Quando uma empresa brasileira construía a hidroelétrica de Tucuruí, na Amazônia, entidades defensoras dos índios tentaram impedir a construção. Quando não puderam mais, insistiram que a empresa pagasse uma indenização justa aos índios Kayapó que perderam terras e plantações, atingidas pela barragem. Advogados da empresa retrucaram:

- Não adianta indenizar os índios. Estes não valorizam dinheiro. Apenas o recebem, o repartem com todos da aldeia, parentes ou não.

Ao ouvir isso, um chefe indígena respondeu: - É exatamente o contrário. Nós valorizamos tanto o dinheiro que fazemos dele objeto de repartição. Quem não o valoriza é você que não o usa para a convivência.

O índio queria explicar sua concepção de economia espiritual, isto é, economia para o bem viver. Ele não tinha uma palavra para explicar isso, mas tinha, sim, clareza da relação existente entre uma economia partilhada e a reverência ao espírito de vida que inspira todas as relações humanas e a comunhão dos seres humanos com a natureza.

1. Uma outra economia é possível

A relação que alguns povos africanos como o zulu chamam de ubuntu é o equilíbrio nas relações sociais e econômicas de paz. Os povos de tradição ioruba traduziram por Axé a energia de amor que perpassa as relações humanas e o lidar com todos os bens da natureza e da vida, portanto com a economia. Bartolomeu Meliá diz que para os Guarani e para muitos povos indígenas da Amazônia, isso se chamaria «economia de reciprocidade», uma forma de comunhão que se manifesta nos cultos de comida, nas festas e na repartição da caça e dos frutos do trabalho.

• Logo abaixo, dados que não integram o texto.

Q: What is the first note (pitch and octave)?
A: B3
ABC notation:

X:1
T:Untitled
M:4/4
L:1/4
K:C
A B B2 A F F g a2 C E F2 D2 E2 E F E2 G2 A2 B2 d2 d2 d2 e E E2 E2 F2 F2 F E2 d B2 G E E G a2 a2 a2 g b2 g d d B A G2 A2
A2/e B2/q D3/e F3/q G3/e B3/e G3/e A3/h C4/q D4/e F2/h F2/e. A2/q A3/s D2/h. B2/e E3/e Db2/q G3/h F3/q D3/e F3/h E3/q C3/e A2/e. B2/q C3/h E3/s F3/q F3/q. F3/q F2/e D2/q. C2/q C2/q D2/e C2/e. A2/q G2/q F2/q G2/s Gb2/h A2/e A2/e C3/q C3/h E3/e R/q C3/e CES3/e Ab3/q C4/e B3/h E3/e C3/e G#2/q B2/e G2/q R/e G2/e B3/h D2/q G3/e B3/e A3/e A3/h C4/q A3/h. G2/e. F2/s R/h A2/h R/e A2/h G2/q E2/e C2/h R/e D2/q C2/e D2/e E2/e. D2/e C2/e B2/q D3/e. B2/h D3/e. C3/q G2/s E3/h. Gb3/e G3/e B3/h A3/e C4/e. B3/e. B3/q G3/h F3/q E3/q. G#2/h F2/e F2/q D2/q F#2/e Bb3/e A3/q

As tradições religiosas do Ocidente tiveram dificul-dade de compreender essa noção de uma economia espiritual porque, em sua história, confundiram espiritualidade com espiritualismo. Somente ao fazerem essa distinção, reestabeleceu-se a ligação entre economia e espiritualidade, que parecia perdida. Para as Igrejas, também, antigamente, economia era um termo teológico. Pais da Igreja grega, como Gregório de Nazianzo e Basílio de Cesaria (s. IV), o usaram para designar o plano divino de salvação pro mundo.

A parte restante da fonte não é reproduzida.